On est donc loin de la vision simpliste de maints d’observateurs. Compte tenu de cet environnement, il apparaît très improbable qu’un conflit éclate entre les deux pays. Les risques viennent plus de la méconnaissance de l’Iran ou même de la stratégie occidentale suivie dans le cadre du nucléaire qui est caractérisée par le refus d’une véritable négociation avec l’Iran (« puisqu’on ne peut pas leur faire confiance ») et le choix de la manière forte (« Faites ce que l’on vous dit sinon sanctions ou … guerre »). Or, cette politique fait le jeu des courants les plus radicaux en Iran et accroit les tensions entre l’Iran et les pays occidentaux (ce qui a contribué à la montée du prix du pétrole depuis la mise en place des sanctions américaines et européennes ces derniers mois). En fait, en Israël même, on sent une grande indécision au sujet d’un éventuel conflit. Le chef d’état-major de l’armée israélienne ne vient-il pas de déclarer que l’Iran n’a pas encore pris la décision d’acquérir la bombe atomique contredisant les propos alarmistes du gouvernement israélien.
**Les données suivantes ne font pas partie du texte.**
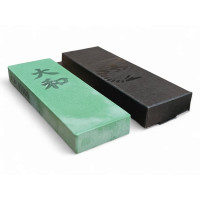 Точильний камінь японський водний 1000 grit для малих ножів, NANIWA 135x45x15 мм HONMAMON Японія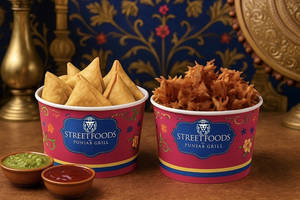 Samosa (5 Pcs) and Onion Pakoda (6 Pcs) Party Combo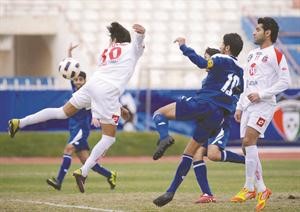 البرازيلي روجيريو في كرة مشتركة مع سعود السربل هاني الشمري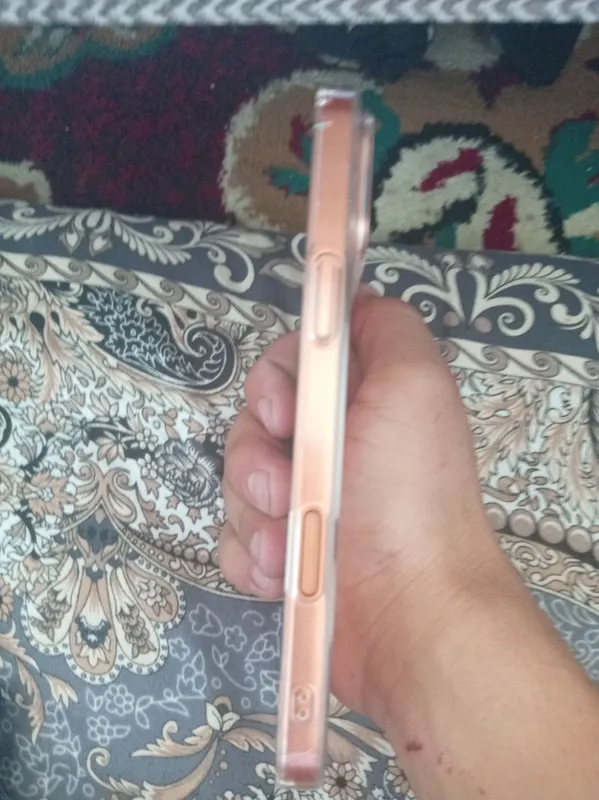 iPhone 17 Dubai люкс 4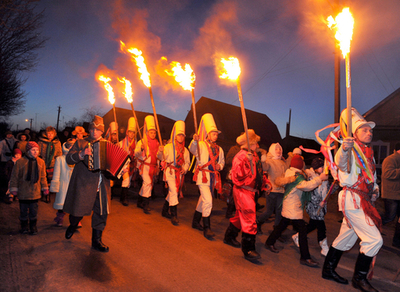 一村だけに伝わる年越し行事「ツァーリ」、ベラルーシ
Face aux risques incalculables que ferait peser un conflit (pas seulement au Moyen-Orient), il est évident que de véritables négociations restent le meilleur moyen de régler cette crise. Les autorités iraniennes ont d’ailleurs démontré une réelle volonté de négocier lors de la réunion d’Istanbul à la mi-avril 2012 : les 5 + 1 et l’Iran se sont mis d’accord sur un cadre de négociation qui devrait permettre le début de véritables discussions lors de la prochaine réunion prévue à Bagdad fin mai. Il est toutefois clair qu’il ne faut pas s’attendre à des miracles sur ce dossier tant il est complexe et tant la méfiance est grande des deux côtés.

Par Hans De Marie HEUNGOUP,                                                                                   Politologue, Chercheur à la FPAE, Cameroun.